··· MATERIAL FOR THE TASK ···
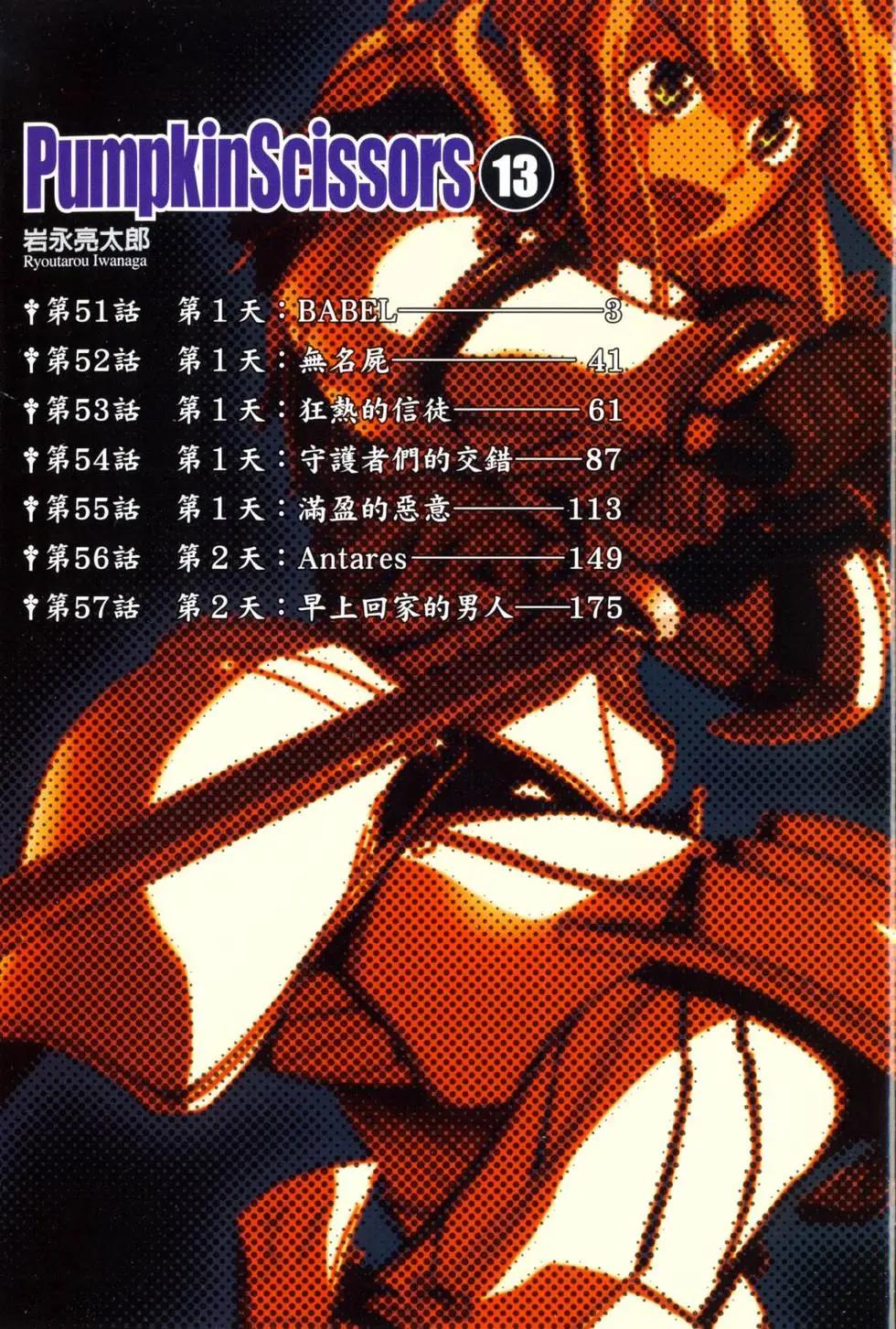 第13卷5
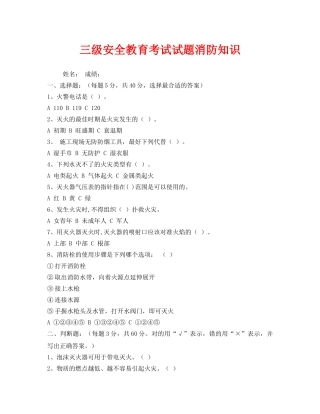 《安全教育》之三级安全教育考试试题消防知识 
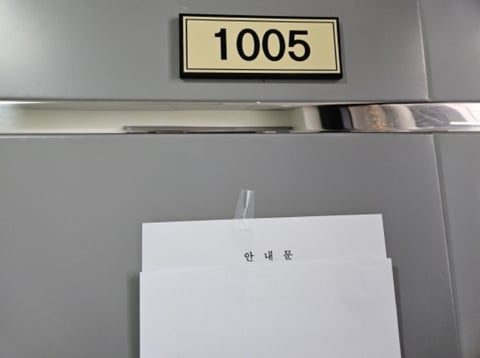 물건 사진 27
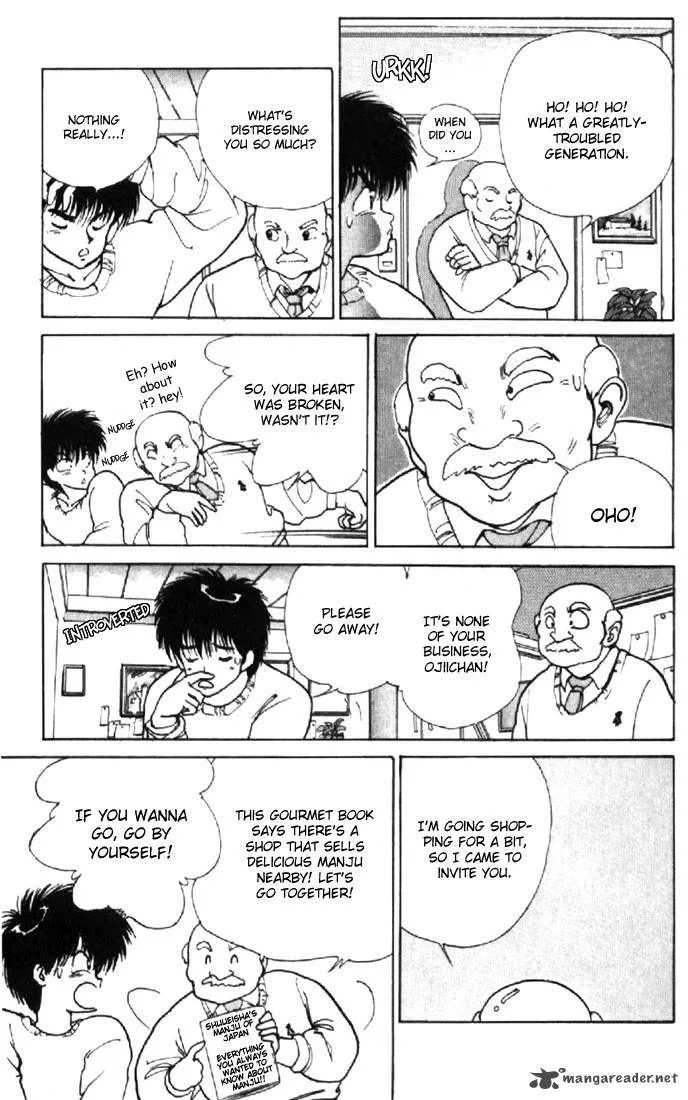 Orange Road Chapter 15 page 147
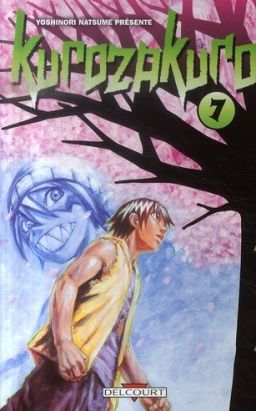 kurozakuro tome 7
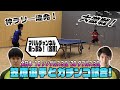 【大激戦】吉村真晴VS笠原選手 ガチ試合！【３ゲームマッチ】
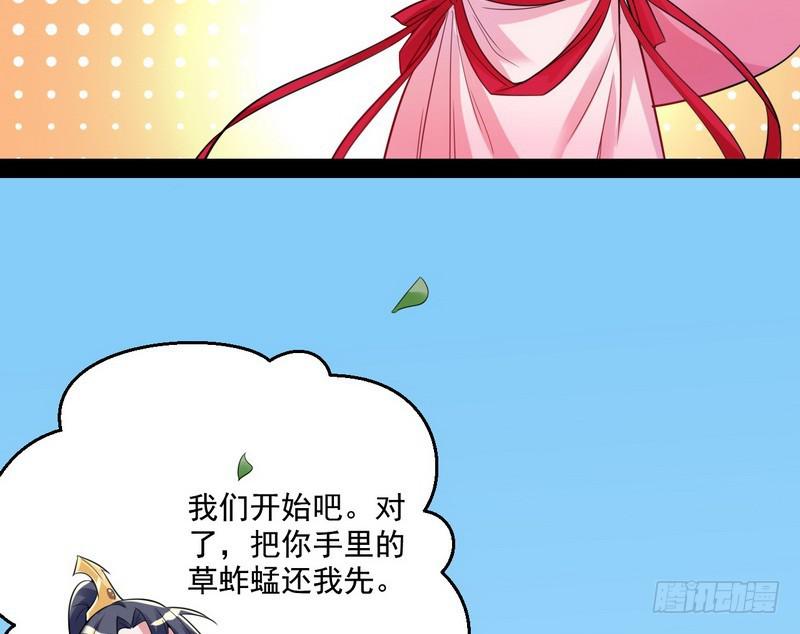 天下无双唯谢郎37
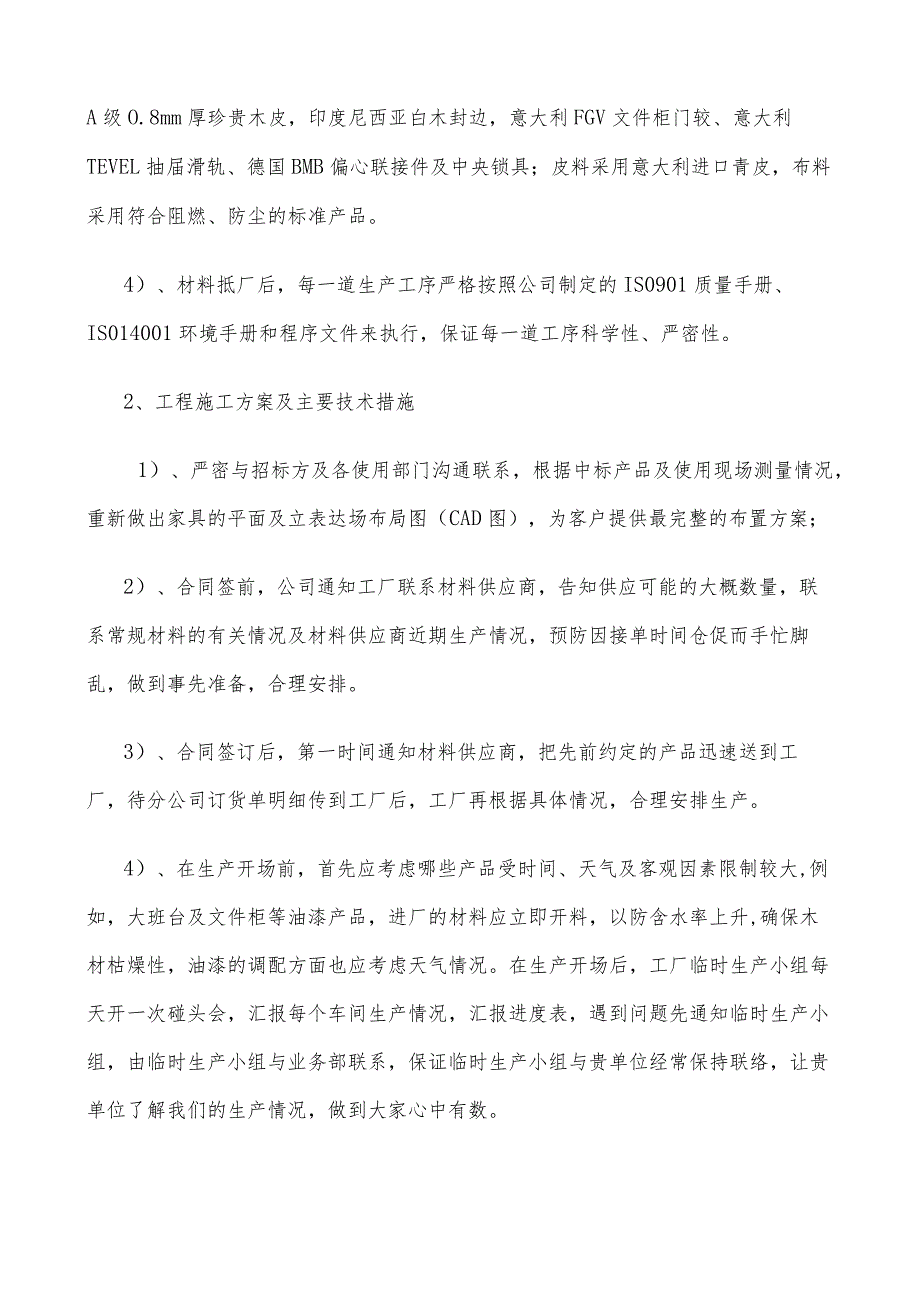 家具项目实施计划方案.docx_第2页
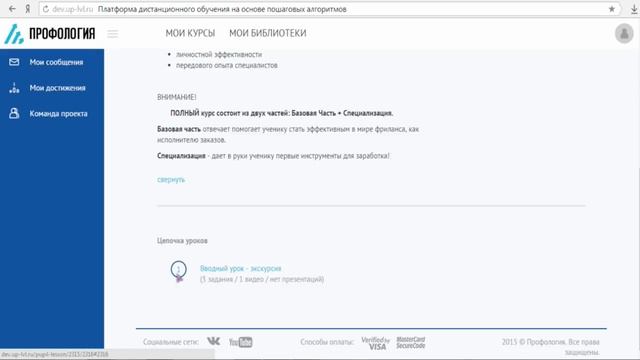 Урок №2. Ознакомление с блоком "Мои курсы" и "Описание курса" | Платформа Профология смотреть онлайн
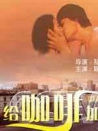 给咖啡加点糖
···
What is needed is the data above, retyped exactly, with every picture left out.

## RESULT FOR THIS TASK
 第13卷5
 《安全教育》之三级安全教育考试试题消防知识 
 물건 사진 27
 Orange Road Chapter 15 page 147
 kurozakuro tome 7
 【大激戦】吉村真晴VS笠原選手 ガチ試合！【３ゲームマッチ】
 天下无双唯谢郎37
 家具项目实施计划方案.docx_第2页
 Урок №2. Ознакомление с блоком "Мои курсы" и "Описание курса" | Платформа Профология смотреть онлайн
 给咖啡加点糖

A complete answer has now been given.